Prizes, such as Coachella shirts, were given out during a raffle halfway through the event.
Max Mauerman, a first-year in political science and journalism, won two tickets to Portugal. The Man.
“I’ve heard of them. I’ve never actually heard any their songs, so I’m not sure if I like them or not, but we’ll see. Hey, (it’s) free tickets,” Mauerman said.

Other ticket prizes included tickets to sold-out Twenty One Pilots April 28 at Newport Music Hall and tickets to the The Shins for June 5 at Lifestyle Communities Pavilion.

Several promotional prize packs for music and entertainment companies were also raffled off thanks to a few of MEISA’s members working for various record labels.

“I work for Warner Music Group,” Cramp said. “Our vice president, A.J. Veleta, works for Sony Music Entertainment and a number other members work for other record labels, promotion companies and things like that. So we had a lot of great give-away items.”
Not only were prizes given away at the raffle, but free stuff was put on display for people to take at their liking, including posters, stickers, bookmarks, key chains and magnets.

Alex Reed, a first-year in food science and nutrition, said the most interesting thing about the event was Shakur’s performance.
“They showed Tupac’s live performance at Coachella and he was a whole hologram and it was really interesting,” she said. “It was cool to see that.”
Almost every person was silent and fixated on the screen during the performance. Some even changed seating to get a better view.
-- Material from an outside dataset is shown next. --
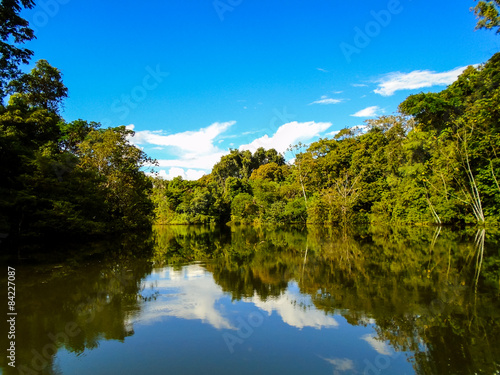 Naklejka las dziki natura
After his performance, the liveliness of the room resumed.

At the peak attendance around 11 p.m., about 85 people were inside Woody’s. Cramp said he was happy with the turnout for the event.
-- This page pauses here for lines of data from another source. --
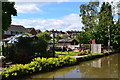 Gardens beside the Coventry Canal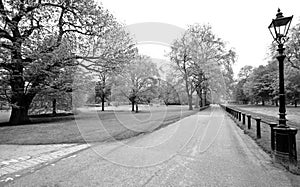 Hyde park, black & white shot photo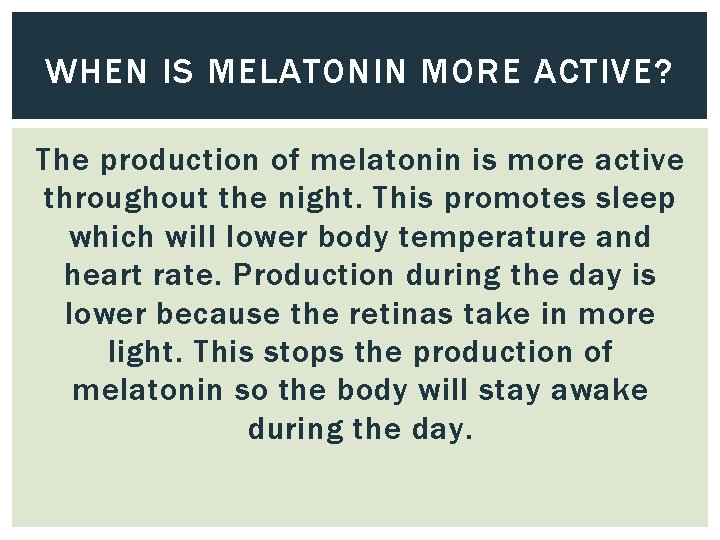 WHEN IS MELATONIN MORE ACTIVE? The production of melatonin is more active throughout the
“I’m just happy people got it, to be honest,” he said. “It was kind of an obscure event. Some people don’t know what Coachella is. Some people wouldn’t understand the idea of watching Coachella from the Union, but it seems like people got on board with it really nicely.”
MEISA will not be able to host a viewing party for the second weekend of Coachella because it is not being streamed.